On March 7, the Outdoor Recreation Industry Roundtable (ORIR) held briefings for staffers from both the U.S. House of Representatives and the United States Senate, introducing the newly formed organization itself and detailing the economic impact of outdoor recreation within the United States.
ORIR representatives reported that outdoor recreation generates $646 billion in direct economic spending and supports some 6.1 million jobs in the U.S. And they explained that there are great opportunities to increase that impact in the future by expanding access to healthy, active fun outdoors on America’s public lands and waters.

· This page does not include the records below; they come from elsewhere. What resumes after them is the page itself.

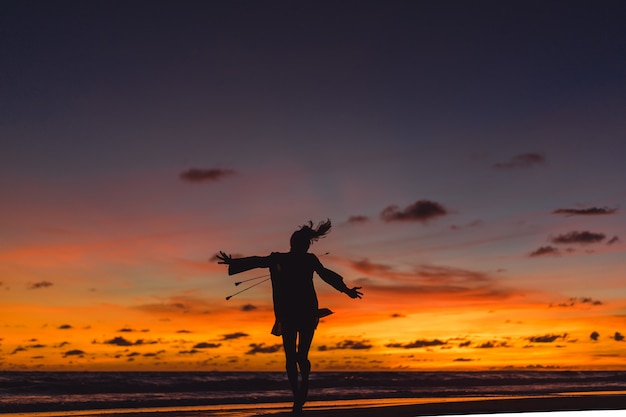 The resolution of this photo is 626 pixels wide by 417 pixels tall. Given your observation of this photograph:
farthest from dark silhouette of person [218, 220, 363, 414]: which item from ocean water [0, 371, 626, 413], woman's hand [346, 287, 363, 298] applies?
ocean water [0, 371, 626, 413]

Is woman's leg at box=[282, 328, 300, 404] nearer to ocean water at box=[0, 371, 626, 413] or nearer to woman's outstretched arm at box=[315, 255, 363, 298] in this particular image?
woman's outstretched arm at box=[315, 255, 363, 298]

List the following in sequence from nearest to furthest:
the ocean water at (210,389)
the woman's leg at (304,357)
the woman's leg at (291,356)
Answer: the woman's leg at (304,357) → the woman's leg at (291,356) → the ocean water at (210,389)

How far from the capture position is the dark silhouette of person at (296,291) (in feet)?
28.7

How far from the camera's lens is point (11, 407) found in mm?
18625

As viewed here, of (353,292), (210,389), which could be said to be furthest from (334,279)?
(210,389)

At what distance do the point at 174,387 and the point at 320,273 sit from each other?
22.5 m

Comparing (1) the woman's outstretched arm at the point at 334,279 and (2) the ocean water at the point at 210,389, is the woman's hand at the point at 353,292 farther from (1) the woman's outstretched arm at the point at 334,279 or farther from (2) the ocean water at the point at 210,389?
(2) the ocean water at the point at 210,389

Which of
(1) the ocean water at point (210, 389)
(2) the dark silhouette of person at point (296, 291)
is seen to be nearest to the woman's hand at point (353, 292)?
(2) the dark silhouette of person at point (296, 291)

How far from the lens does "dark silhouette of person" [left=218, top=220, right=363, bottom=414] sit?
8758 mm

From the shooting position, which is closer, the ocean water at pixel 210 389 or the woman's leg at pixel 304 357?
the woman's leg at pixel 304 357

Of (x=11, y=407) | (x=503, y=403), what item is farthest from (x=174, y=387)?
(x=503, y=403)

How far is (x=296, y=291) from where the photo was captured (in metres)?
8.89

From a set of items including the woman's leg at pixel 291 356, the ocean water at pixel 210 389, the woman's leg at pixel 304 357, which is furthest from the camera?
the ocean water at pixel 210 389

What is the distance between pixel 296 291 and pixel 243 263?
674 mm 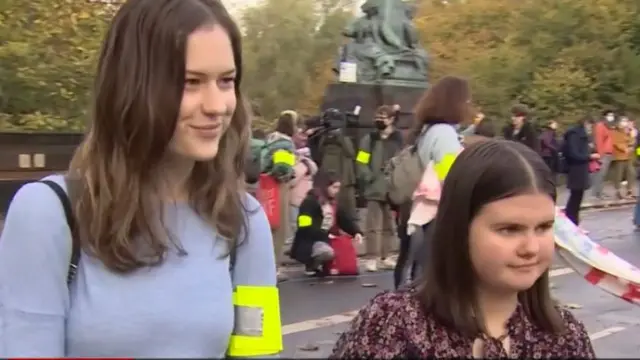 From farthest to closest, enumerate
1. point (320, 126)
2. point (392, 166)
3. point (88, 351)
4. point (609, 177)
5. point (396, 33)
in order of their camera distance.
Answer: point (609, 177) → point (396, 33) → point (320, 126) → point (392, 166) → point (88, 351)

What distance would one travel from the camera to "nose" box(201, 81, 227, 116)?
1993 millimetres

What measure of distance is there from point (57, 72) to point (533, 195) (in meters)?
16.5

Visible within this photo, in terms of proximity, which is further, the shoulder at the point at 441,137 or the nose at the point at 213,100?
the shoulder at the point at 441,137

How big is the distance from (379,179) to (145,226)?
9.25 m

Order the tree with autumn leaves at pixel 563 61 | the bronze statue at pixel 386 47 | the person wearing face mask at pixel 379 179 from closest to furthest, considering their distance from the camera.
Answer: the person wearing face mask at pixel 379 179 → the bronze statue at pixel 386 47 → the tree with autumn leaves at pixel 563 61

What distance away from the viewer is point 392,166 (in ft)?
28.5

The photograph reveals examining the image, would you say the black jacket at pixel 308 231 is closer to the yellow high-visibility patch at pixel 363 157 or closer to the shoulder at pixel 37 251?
the yellow high-visibility patch at pixel 363 157

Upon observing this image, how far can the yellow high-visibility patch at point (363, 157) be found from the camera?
1139 cm

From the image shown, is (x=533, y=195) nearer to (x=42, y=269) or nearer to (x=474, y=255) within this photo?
(x=474, y=255)

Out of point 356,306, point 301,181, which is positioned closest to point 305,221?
point 301,181

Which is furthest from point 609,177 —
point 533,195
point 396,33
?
point 533,195

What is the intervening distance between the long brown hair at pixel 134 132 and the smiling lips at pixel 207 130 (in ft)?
0.15

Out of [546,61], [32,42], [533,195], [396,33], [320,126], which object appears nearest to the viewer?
[533,195]

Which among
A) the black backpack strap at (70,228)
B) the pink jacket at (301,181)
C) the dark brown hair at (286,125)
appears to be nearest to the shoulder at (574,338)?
the black backpack strap at (70,228)
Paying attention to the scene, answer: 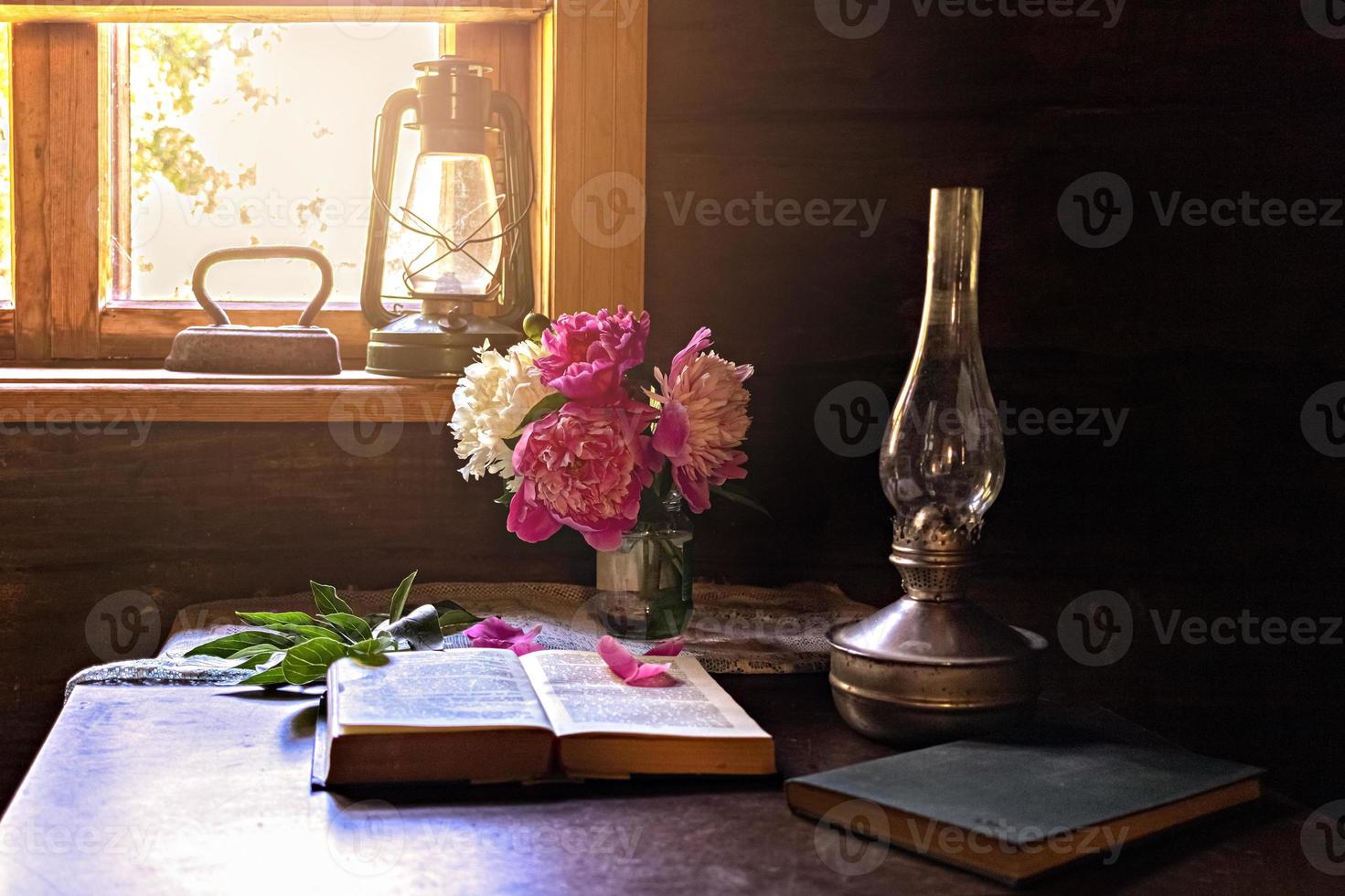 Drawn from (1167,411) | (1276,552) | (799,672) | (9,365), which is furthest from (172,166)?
(1276,552)

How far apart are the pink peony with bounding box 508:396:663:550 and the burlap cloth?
0.46 ft

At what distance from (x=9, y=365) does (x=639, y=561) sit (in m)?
0.84

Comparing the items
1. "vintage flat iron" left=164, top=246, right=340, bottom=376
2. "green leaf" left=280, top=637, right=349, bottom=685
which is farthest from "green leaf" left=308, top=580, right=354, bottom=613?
"vintage flat iron" left=164, top=246, right=340, bottom=376

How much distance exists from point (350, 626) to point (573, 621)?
0.24 metres

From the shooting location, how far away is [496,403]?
1.12 meters

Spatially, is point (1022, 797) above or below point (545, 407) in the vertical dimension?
below

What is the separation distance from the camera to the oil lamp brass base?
0.89m

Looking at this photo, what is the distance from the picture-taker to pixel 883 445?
3.21 ft

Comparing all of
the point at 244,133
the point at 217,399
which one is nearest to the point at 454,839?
the point at 217,399

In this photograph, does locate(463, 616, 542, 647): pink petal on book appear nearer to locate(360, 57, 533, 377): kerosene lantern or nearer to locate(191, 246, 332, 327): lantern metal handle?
locate(360, 57, 533, 377): kerosene lantern

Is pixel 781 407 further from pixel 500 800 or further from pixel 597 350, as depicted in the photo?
pixel 500 800

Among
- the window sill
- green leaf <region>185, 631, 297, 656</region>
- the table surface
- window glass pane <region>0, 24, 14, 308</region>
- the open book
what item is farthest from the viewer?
window glass pane <region>0, 24, 14, 308</region>

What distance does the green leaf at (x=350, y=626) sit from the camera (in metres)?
1.09

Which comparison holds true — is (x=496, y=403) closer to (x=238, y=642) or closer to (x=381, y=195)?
(x=238, y=642)
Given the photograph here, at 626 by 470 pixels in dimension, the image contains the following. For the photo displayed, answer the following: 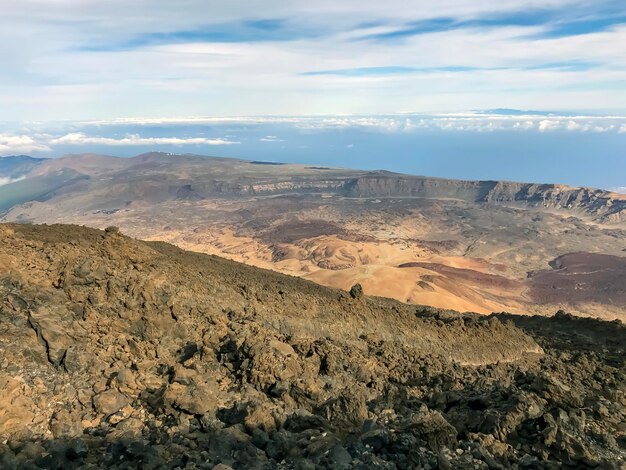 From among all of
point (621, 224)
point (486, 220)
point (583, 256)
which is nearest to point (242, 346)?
point (583, 256)

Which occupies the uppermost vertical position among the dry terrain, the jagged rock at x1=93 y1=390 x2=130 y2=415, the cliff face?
the jagged rock at x1=93 y1=390 x2=130 y2=415

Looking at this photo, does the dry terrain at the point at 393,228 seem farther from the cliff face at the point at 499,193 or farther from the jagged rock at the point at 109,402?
the jagged rock at the point at 109,402

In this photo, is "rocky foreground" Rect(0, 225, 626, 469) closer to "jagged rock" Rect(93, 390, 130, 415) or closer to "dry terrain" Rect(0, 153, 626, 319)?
"jagged rock" Rect(93, 390, 130, 415)

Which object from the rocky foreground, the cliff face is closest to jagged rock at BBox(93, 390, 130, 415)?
the rocky foreground

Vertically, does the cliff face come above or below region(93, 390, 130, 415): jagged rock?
below

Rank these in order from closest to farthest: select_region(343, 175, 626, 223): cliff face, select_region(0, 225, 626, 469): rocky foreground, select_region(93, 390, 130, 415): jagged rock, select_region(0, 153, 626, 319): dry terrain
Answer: select_region(0, 225, 626, 469): rocky foreground
select_region(93, 390, 130, 415): jagged rock
select_region(0, 153, 626, 319): dry terrain
select_region(343, 175, 626, 223): cliff face

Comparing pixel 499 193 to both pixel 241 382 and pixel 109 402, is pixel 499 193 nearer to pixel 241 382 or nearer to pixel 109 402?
pixel 241 382

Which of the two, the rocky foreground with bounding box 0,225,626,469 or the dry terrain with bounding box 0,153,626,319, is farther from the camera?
the dry terrain with bounding box 0,153,626,319

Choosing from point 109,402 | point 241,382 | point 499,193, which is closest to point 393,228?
point 499,193

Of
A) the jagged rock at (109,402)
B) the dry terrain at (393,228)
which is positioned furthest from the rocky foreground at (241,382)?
the dry terrain at (393,228) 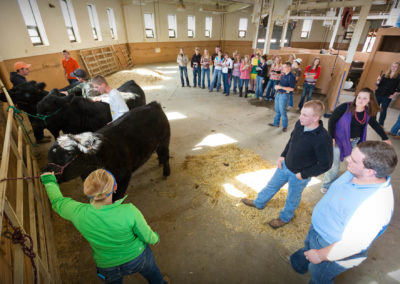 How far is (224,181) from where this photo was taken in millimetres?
3732

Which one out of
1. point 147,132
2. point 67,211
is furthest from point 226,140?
point 67,211

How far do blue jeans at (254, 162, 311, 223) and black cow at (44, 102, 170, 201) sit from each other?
6.13ft

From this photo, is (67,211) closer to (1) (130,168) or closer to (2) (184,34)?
(1) (130,168)

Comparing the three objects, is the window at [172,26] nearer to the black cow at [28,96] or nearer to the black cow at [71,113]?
the black cow at [28,96]

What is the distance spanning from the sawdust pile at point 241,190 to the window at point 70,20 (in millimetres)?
10249

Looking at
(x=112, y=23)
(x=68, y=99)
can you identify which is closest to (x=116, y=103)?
(x=68, y=99)

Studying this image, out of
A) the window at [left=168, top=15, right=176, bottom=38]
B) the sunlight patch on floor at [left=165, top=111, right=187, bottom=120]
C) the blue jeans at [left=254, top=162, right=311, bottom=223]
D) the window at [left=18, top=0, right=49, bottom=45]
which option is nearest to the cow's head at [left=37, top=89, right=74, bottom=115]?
the sunlight patch on floor at [left=165, top=111, right=187, bottom=120]

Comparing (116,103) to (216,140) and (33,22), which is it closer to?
(216,140)

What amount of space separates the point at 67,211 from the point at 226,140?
4111 millimetres

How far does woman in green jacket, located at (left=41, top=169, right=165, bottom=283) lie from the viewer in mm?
1376

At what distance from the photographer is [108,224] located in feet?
4.60

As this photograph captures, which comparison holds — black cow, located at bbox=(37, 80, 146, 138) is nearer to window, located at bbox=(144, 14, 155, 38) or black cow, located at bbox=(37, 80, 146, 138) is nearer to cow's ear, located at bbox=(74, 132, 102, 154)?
cow's ear, located at bbox=(74, 132, 102, 154)

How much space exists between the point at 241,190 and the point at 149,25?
57.5 ft

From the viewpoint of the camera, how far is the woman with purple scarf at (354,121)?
111 inches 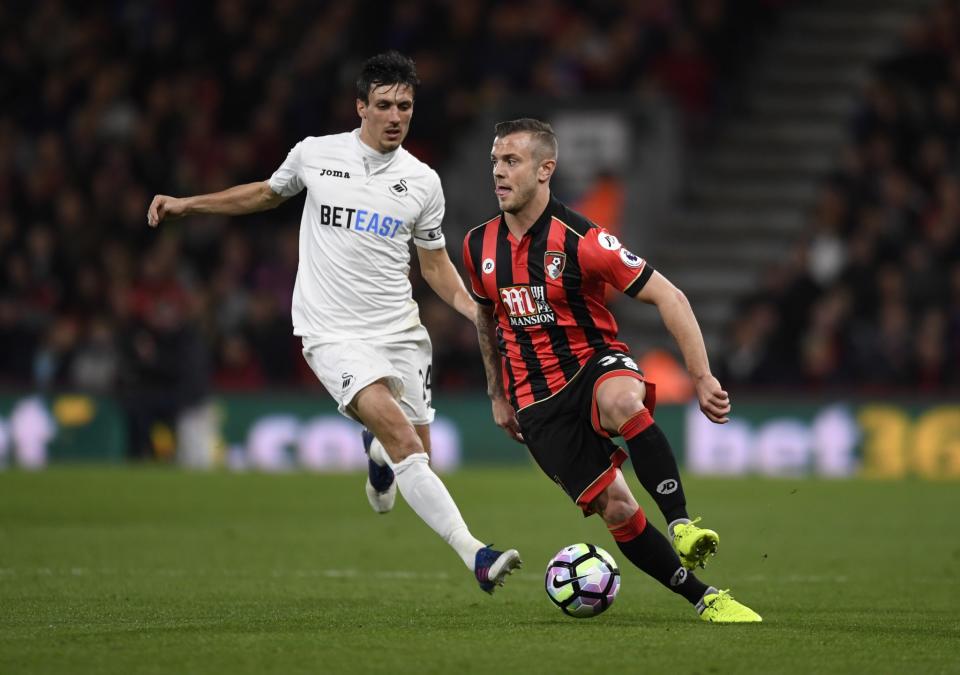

They also briefed Congressional staffers about ORIR’s key goals, which include:
- Fast tracking the implementation of the recently enacted Outdoor Recreation Jobs and Economic Impact (REC) Act;
- Prioritizing recreation-related infrastructure improvements in federal agency budgets;
- Establishing more public-private partnerships to address maintenance backlogs on public lands;
- Achieving better balance between recreation and conservation in federal agency decisions; and
- Developing and deploying a digital information strategy for outdoor recreation on federal lands.
“As an outcome of cuts in Federal spending, many Federal agencies are reducing or eliminating recreational opportunities,” said Archery Trade Association president Jay McAninch. “The ORIR member industries believe this is tragic, and are offering private investments on public lands as a way to provide all Americans with the chance to recreate outdoors – an American birthright. Our industry’s view is this a much-needed stimulus for the Federal lands which are solely lacking in welcoming our citizens outdoors.”
“An Eisenhower era infrastructure and public lands management approach will not meet the needs of a 21st century consumer,” said Frank Hugelmeyer, president of the RV Industry Association. “That is why we were on Capitol Hill, introducing the Outdoor Recreation Industry Roundtable to the Senate and House of Representative and sharing our ideas about policy and regulatory reforms necessary to grow the outdoor recreation economy.”
The ORIR also delivered another key message: tight federal budgets should not be allowed to reduce access to public lands and waters or diminish the quality of outdoor recreation experiences. Solutions to budget-related challenges involving partnerships and private investment have long been a tradition on the nation’s public lands and need to be embraced.
The well-attended briefings opened doors to improved communication and partnerships between ORIR and Congressional offices that will continue to raise Congressional awareness of the importance of outdoor recreation and encourage actions to improve recreational opportunities on America’s public lands and waters.